Cycling through the Netherlands with my kids
By Dave Thomas
Almost forty years ago I read Explorers Awheel (Garry Hogg , 1938) a classic pre-war children’s story about exploring the Southwest of England by bike. It had belonged to my father and was written in the year he was born. As my children (Luc aged 12 and Nienke aged 10) have grown up here in the Netherlands I’ve been waiting until they were old enough to undertake a similar adventure with them. And this summer, in a glorious almost rain-free slot of two weeks, we realised my dream.
We took a modern approach to exploring awheel.
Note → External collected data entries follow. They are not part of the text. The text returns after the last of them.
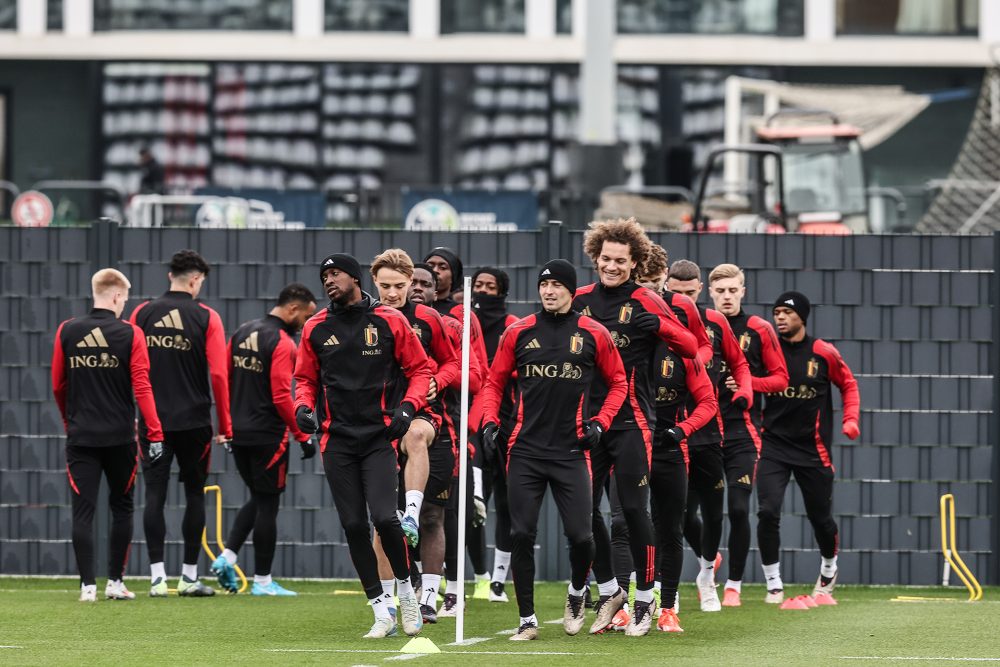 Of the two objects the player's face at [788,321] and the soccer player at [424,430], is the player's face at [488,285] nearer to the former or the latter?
the soccer player at [424,430]

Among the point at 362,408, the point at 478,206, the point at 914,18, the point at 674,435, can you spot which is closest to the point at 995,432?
the point at 674,435

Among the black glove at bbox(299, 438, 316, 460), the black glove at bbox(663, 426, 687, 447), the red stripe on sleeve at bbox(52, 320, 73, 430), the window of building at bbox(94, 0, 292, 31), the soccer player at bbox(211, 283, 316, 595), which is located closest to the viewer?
the black glove at bbox(663, 426, 687, 447)

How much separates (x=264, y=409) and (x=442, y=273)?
1703 mm

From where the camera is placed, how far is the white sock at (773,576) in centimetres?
1242

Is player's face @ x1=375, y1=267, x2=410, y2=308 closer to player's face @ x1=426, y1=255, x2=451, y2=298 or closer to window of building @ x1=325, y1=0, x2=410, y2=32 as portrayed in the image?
player's face @ x1=426, y1=255, x2=451, y2=298

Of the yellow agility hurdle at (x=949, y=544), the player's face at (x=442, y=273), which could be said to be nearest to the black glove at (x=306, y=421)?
the player's face at (x=442, y=273)

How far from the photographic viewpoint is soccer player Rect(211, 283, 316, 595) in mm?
12399

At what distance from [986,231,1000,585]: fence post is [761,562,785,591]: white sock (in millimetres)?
1911

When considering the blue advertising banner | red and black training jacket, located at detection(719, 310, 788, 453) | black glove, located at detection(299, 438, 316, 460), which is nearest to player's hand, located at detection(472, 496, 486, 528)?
black glove, located at detection(299, 438, 316, 460)

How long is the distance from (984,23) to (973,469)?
3273 centimetres

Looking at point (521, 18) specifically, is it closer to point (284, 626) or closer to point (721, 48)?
point (721, 48)

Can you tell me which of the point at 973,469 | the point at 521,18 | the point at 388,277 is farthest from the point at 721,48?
the point at 388,277

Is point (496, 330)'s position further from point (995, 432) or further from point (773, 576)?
point (995, 432)

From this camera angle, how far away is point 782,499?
12.4 m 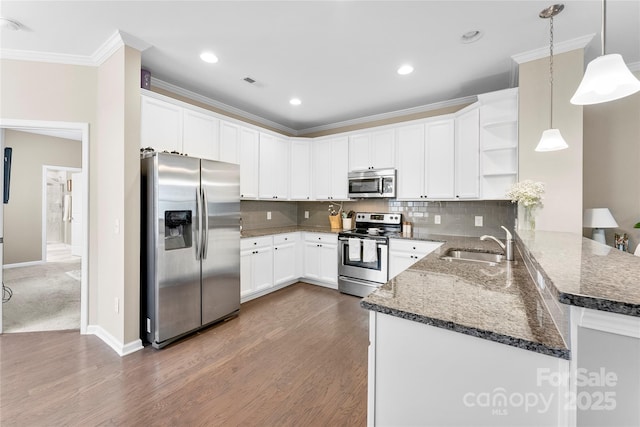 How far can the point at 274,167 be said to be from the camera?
455cm

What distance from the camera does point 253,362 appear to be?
2.42 metres

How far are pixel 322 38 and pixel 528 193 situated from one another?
7.44 feet

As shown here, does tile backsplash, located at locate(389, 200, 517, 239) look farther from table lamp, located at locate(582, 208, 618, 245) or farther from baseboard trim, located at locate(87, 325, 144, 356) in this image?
baseboard trim, located at locate(87, 325, 144, 356)

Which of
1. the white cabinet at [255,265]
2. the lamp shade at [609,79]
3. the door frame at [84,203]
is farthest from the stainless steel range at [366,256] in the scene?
the door frame at [84,203]

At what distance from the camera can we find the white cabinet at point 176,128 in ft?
9.53

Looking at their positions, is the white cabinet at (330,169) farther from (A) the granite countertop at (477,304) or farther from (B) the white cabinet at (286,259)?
(A) the granite countertop at (477,304)

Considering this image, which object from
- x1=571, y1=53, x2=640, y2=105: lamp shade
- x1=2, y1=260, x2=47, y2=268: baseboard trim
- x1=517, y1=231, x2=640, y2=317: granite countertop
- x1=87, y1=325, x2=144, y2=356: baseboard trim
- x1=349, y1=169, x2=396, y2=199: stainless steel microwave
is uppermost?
x1=571, y1=53, x2=640, y2=105: lamp shade

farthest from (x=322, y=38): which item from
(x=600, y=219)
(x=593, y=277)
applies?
(x=600, y=219)

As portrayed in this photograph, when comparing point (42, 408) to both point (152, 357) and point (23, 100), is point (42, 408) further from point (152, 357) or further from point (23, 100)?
point (23, 100)

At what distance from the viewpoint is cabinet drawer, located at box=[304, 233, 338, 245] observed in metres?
4.39

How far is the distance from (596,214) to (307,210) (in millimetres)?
3934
No one-man tents and braving the elements each night. Instead, we made use of Vrienden op de Fiets a network of several hundred addresses in the Netherlands and beyond where cyclists can enjoy bed and breakfast in private homes. It is cheap (20 euro per night for adults and 10 euros per night for kids), hassle-free and gives a sense of adventure (where are we staying tonight, papa?).
Just like all good adventures the planning is half the fun. First choosing the addresses to stay each night and then using the 1:50,000 scale cycle maps from Falk to plan the route using the cycle node network. The more detailed 1:50,000 maps are vital for finding addresses out in the sticks, and for double checking where you are when the cycle node network fails— like it did in the Betuwe region.
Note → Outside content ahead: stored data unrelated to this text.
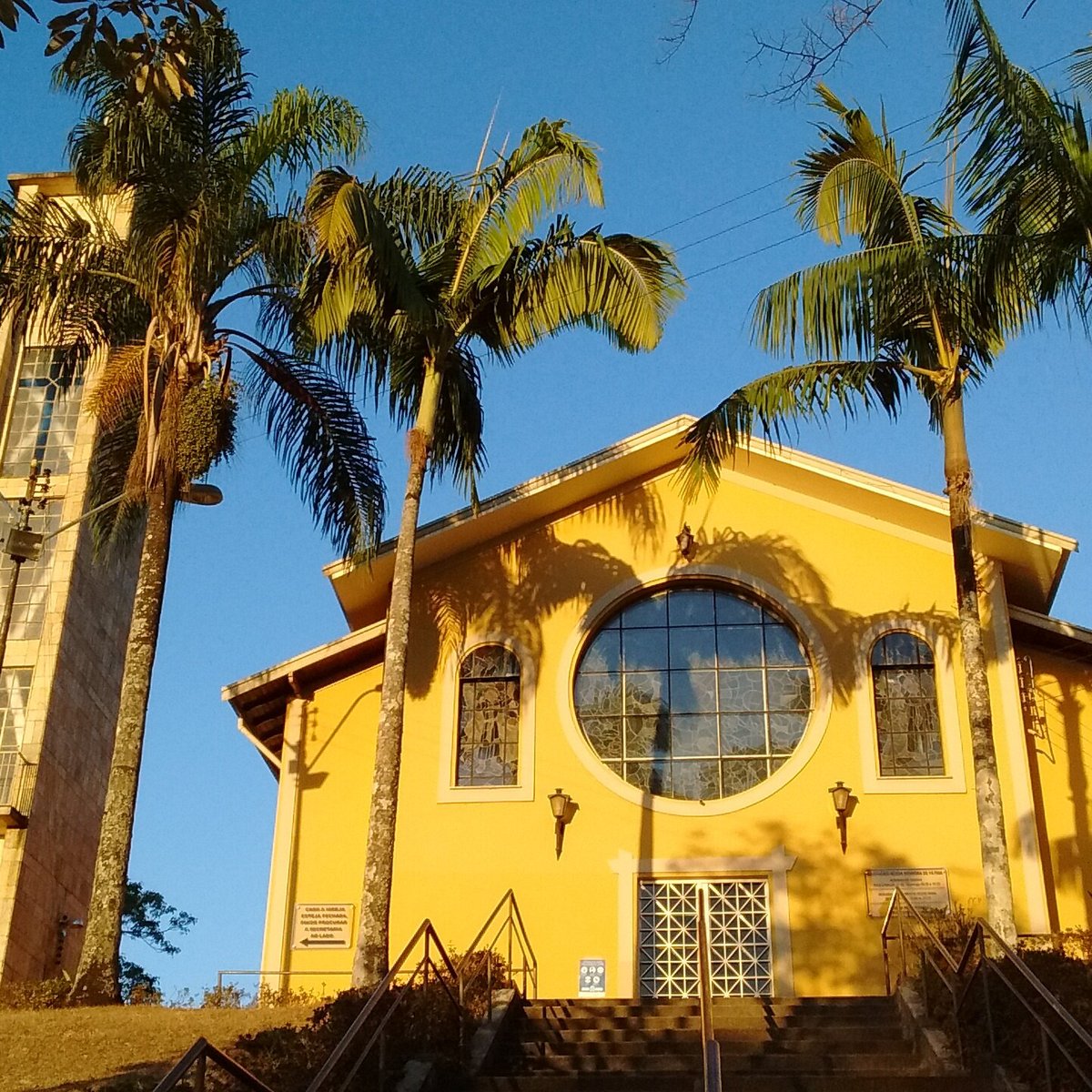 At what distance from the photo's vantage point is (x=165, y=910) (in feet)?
132

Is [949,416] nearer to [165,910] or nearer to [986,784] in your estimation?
[986,784]

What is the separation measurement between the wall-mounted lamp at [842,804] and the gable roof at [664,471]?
3.14 m

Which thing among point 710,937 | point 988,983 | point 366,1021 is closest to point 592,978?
point 710,937

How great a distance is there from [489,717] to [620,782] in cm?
170

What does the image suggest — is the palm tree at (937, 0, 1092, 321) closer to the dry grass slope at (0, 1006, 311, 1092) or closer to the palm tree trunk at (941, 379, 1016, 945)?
the palm tree trunk at (941, 379, 1016, 945)

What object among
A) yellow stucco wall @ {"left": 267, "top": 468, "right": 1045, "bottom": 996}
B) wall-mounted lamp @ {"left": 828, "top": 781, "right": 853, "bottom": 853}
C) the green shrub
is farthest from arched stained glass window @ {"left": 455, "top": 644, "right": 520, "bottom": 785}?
the green shrub

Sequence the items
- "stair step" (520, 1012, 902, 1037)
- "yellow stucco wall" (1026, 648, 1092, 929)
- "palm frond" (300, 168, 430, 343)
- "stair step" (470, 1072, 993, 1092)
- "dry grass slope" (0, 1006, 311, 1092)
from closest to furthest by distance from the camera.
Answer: "stair step" (470, 1072, 993, 1092), "dry grass slope" (0, 1006, 311, 1092), "stair step" (520, 1012, 902, 1037), "palm frond" (300, 168, 430, 343), "yellow stucco wall" (1026, 648, 1092, 929)

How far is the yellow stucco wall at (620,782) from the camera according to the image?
50.2 ft

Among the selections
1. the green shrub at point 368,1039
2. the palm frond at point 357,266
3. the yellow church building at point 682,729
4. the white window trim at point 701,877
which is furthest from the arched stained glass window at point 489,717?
the green shrub at point 368,1039

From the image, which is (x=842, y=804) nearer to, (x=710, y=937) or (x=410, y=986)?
(x=710, y=937)

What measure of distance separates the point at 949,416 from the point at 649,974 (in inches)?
259

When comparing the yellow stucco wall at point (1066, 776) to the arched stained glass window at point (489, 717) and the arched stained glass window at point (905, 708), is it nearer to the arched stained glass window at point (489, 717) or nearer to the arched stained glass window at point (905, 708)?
the arched stained glass window at point (905, 708)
Maps in hand and cycle bags full we hit the road early on a Saturday morning. We ticked off our nodes much faster than we expected and arrived at our lunch spot two hours earlier than planned. Daughter Nienke decided that three beers a day for papa was a sensible limit. Needless to say such rules did not apply to ice cream of course. Our meandering route to Belgium over five days took us from Dronten over the Veluwe to Zutphen, through the Achterhoek and behind Nijmegen to North Limburg and then through Brabant to Achel (my first homage to trappist beer). After a week with friends camping near Turnhout (they took our camping stuff) we sped back home in 2.5 days so that the kids could start school again.
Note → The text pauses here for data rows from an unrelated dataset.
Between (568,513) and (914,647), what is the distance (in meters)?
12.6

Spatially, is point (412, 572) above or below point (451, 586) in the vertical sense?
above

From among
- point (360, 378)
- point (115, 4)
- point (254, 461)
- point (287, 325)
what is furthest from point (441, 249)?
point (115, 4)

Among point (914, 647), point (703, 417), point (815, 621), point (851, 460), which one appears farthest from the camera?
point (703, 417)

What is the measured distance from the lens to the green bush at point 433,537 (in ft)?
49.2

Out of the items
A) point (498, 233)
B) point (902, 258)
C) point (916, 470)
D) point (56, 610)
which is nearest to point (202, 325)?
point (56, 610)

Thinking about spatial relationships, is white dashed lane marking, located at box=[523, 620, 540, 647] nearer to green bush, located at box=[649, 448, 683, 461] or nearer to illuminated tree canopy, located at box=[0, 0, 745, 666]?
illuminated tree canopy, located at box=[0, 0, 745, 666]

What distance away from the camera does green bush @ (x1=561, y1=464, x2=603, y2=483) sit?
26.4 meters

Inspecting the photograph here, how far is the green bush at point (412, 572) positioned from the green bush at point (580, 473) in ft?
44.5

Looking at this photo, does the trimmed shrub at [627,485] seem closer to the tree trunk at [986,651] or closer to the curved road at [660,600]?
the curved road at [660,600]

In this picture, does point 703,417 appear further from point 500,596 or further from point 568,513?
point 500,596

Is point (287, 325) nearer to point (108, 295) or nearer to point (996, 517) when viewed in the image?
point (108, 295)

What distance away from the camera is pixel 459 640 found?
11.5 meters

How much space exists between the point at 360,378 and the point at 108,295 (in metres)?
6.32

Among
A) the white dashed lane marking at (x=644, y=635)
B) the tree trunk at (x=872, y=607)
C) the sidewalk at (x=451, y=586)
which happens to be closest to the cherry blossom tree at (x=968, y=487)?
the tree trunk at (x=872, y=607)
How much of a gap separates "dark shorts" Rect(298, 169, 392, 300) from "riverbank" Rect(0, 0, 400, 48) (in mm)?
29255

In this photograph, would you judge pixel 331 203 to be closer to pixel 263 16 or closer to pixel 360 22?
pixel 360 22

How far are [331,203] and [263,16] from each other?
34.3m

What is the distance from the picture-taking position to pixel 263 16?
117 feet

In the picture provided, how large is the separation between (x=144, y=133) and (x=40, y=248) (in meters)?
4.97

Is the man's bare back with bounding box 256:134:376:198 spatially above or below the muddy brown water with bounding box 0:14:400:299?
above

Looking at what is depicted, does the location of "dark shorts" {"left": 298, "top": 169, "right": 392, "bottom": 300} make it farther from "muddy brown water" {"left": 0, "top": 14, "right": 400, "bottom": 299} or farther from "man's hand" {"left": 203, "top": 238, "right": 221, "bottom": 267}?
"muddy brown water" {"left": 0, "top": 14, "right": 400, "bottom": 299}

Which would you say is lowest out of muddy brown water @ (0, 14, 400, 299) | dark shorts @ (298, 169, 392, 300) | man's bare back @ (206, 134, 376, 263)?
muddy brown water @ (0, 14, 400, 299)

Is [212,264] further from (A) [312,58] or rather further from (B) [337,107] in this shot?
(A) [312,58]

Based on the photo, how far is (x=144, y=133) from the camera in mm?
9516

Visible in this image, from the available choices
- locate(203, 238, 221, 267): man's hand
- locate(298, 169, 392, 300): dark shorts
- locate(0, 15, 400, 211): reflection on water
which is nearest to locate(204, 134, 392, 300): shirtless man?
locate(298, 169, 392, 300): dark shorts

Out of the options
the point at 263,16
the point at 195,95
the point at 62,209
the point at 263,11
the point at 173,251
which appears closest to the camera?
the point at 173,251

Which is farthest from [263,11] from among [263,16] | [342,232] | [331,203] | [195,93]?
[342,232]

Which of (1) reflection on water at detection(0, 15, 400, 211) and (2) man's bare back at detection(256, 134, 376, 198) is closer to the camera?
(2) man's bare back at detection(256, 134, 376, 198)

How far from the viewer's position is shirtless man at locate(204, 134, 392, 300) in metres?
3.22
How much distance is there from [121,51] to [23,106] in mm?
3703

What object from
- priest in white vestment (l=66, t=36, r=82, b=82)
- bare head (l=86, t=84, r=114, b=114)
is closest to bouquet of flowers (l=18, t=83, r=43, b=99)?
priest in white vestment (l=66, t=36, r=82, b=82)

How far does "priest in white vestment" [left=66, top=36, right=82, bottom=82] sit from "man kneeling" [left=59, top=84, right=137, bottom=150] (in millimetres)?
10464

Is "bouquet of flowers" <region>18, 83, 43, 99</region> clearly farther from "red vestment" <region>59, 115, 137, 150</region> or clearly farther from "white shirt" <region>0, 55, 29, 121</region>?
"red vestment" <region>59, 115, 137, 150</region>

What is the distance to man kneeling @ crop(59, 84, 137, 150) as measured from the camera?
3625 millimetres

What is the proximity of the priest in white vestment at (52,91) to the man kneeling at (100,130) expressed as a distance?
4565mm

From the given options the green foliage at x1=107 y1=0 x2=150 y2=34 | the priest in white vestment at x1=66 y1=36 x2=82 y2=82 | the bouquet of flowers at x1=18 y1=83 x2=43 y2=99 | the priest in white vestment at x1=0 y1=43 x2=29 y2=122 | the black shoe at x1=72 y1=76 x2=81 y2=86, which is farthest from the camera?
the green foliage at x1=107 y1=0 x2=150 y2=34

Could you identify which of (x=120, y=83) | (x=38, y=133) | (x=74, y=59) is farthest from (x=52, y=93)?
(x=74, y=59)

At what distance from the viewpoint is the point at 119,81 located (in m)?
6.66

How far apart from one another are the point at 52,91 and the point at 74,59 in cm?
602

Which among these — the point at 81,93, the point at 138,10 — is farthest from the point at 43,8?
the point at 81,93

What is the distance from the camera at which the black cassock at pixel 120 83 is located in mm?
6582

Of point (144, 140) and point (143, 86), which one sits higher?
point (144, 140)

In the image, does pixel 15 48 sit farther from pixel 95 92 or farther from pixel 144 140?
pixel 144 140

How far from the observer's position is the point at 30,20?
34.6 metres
We opted to stay in outhouses and barns to enjoy more privacy. In Doesburg we stayed in the owners private museum sleeping among a collection of books, toys and other paraphernalia. In Brabant we spent a night in a sumptuous converted barn fit for a king only to be served a breakfast next morning that MacDonald’s would be ashamed of. And in Zeist we had a two-floor small house with all mod cons to ourselves. Our favourite place by far though was our first night at Coby’s. We stayed in a simple outhouse surrounded by an idyllic cottage garden and our hostess was the epitome of warm Dutch hospitality.
All that pedalling is good for the appetite and as our journey unfolded we ate ourselves around the world: Greek, Mexican, Chinese, Italian, French and Flemish but also good old pancakes and ‘patat’. The pièce de résistance? A superb lunchtime salad at a French restaurant in Harderwijk with ingredients so good that a dressing was superfluous.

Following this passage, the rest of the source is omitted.